Celebrated as the heartland of Persian culture for over 2000 years, Shiraz has become synonymous with education, nightingales, poetry. A city of poets, Shiraz is home to the graves of Hafez and Saadi both major pilgrimage sites for Iranians.
There is no better place to understand Hafez’s place in the nation’s psyche than his tomb and the memorial garden within which it is set. Iranians have a saying that every home must have two things: first the Quran, then a collection of the works of Hafez.

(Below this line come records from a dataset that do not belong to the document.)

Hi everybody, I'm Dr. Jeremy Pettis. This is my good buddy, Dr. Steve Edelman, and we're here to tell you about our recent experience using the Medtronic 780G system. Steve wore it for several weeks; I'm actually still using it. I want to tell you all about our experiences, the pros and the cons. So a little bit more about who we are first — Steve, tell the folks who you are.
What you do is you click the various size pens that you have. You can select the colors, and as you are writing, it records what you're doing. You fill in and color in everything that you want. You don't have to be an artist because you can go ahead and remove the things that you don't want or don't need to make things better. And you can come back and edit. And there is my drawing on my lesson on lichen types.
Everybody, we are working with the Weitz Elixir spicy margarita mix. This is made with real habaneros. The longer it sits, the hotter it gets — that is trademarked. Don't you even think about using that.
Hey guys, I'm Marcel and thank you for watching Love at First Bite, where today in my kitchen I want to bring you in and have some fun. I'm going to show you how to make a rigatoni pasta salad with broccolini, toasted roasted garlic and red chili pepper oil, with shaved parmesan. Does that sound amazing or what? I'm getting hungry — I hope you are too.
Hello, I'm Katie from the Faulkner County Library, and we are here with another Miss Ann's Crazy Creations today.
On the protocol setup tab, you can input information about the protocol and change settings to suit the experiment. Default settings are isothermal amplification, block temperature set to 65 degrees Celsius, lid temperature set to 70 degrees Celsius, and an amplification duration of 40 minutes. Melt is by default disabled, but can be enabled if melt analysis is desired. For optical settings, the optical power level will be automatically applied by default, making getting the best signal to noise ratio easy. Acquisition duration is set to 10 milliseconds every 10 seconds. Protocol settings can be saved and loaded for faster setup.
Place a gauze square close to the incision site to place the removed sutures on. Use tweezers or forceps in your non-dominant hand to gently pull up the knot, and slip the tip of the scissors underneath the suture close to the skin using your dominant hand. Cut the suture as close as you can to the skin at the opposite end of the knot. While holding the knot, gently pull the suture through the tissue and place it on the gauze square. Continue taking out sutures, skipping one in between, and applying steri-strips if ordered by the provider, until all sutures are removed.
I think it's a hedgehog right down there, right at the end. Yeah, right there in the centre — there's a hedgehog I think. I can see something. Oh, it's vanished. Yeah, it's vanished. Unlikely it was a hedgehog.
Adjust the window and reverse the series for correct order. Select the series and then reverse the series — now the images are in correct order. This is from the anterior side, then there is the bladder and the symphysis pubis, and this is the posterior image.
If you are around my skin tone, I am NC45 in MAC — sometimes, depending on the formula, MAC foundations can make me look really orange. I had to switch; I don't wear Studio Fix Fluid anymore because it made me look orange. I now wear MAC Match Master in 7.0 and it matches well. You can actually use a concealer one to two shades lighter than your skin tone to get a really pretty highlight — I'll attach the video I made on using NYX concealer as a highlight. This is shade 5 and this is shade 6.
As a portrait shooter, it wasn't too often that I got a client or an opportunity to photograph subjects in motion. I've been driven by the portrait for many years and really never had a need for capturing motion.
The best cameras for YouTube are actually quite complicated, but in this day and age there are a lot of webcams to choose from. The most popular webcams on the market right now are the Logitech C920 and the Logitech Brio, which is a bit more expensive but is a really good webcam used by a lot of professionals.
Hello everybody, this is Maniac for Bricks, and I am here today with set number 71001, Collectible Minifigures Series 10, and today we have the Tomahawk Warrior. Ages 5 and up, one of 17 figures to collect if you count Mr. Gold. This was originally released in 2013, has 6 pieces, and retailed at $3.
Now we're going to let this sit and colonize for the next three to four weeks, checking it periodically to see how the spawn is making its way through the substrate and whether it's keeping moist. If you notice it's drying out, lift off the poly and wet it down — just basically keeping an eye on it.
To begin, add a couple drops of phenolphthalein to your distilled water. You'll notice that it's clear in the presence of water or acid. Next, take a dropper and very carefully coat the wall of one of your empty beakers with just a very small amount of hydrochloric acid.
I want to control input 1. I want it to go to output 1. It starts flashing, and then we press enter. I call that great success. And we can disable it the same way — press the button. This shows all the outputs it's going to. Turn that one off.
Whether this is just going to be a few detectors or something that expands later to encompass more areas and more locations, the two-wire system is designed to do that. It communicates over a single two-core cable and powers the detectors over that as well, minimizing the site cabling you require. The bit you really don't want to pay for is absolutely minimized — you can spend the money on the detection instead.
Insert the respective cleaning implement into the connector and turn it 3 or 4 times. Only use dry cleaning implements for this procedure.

Sunset is the most popular time of day for Iranians to gather at the garden to pay their respects; some come to perform the fall-e Hafez, a popular ritual in which a volume of Hafez’s works is opened randomly and the future interpreted therein.
For Iranians, visiting the Hafez Mausoleum is like going to a relative`s Tomb. Some proceed to request Hafez to talk to them through bis poems and tell them about the stat of their lives or give them some wise advice through the words in his poems.
Then, they open their eyes and open the book on any page it randomly opens and continue to read it enthusiastically, The concepts and topics mentioned in Divan-e-Hafez, his complete works, are so life-related and overwhelmingly attractive that one connects to them easily as if the poet is living at this time and offers us his wise words in a friendly manner to enrich our lives.
Mausoleum of Saadi during the Pahlavi era is dedicated to Sheikh Mohammed Shams-e-Din, simply Known as Saadi- a poet who lived and died between 1207-1291.
Set amid generous gardens of evergreens, bitter orange, and roses, appropriate to a man who wrote so extensively of flowers, it is a tranquil place that makes a pleasant respite from the noise of the surrounding city.